Now that I’m back,let’s all go out for a walk. There is a park within a block or so of us that leads to a pathway by the river, and I thought I would volunteer to be your tour guide.
This ↓ is the entrance to the park: a natural pond which has been enlarged. Unfortunately, in the enlarging process, the large frog population was all but wiped out. Bulldozers will do that. There is a playground, barely visible, off the the right. Beyond the pond, barely visible at this size is a little footbridge which leads to the path by the river. Way off in the middle background, your little eyes might espy a tree changing color. Good gracious me.
A further ↑ and closer ↓ view of the bridge. In the closer view, you begin to see the river beyond. This is another part of the Mississippi River which I post from other locations from time to time.
The following photo is the river itself from just the other side of the bridge. It is not navigable in this section, and in the past this town was really built on the natural siting for mills.
Then (below), we go through little stretches of bush. Recently, a fence has been added on the land side to demarcate the subdivision, which you will see later, that is unfortunately being built. I thought the branch against the fence with some loosestrife in the background might make an interesting shot, but it didn’t exactly turn out to be a prize winner. Ah well.

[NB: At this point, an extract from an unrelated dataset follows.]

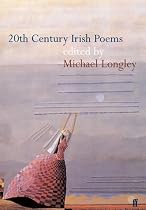 20th Century Irish Poems (Poet to Poet)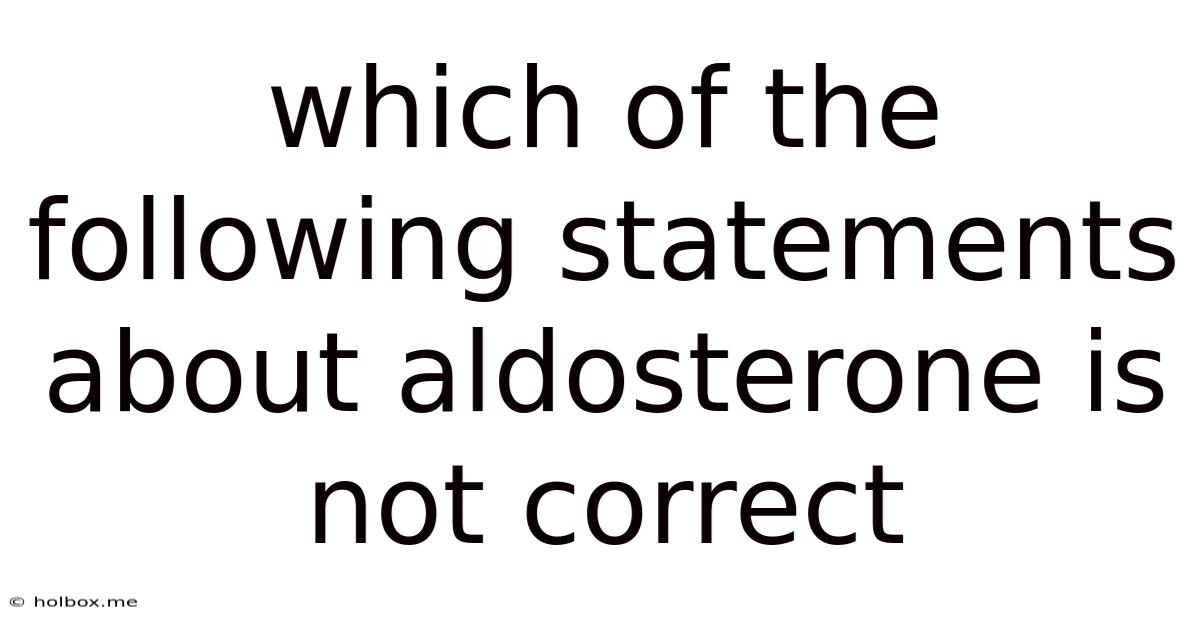 Which Of The Following Statements About Aldosterone Is Not Correct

A little further along, the path leaves the woods and follows the edge of the field. The goldenrod is in full bloom in mid August, and I tried to focus on a spot where it was slightly leaning over the fence.
That’s all very nice, but much also has been lost as the town fathers and mothers have allowed development on the other side of the fence. I don’t think they have acted very far-sightedly in allowing this land to be developed rather than setting it aside for parkland. The community is growing fairly rapidly, and we could use another decently sized park in the future. “But think of the tax base, my dear.”
Ah well, we still have the path and the river … and the cute, little bridge.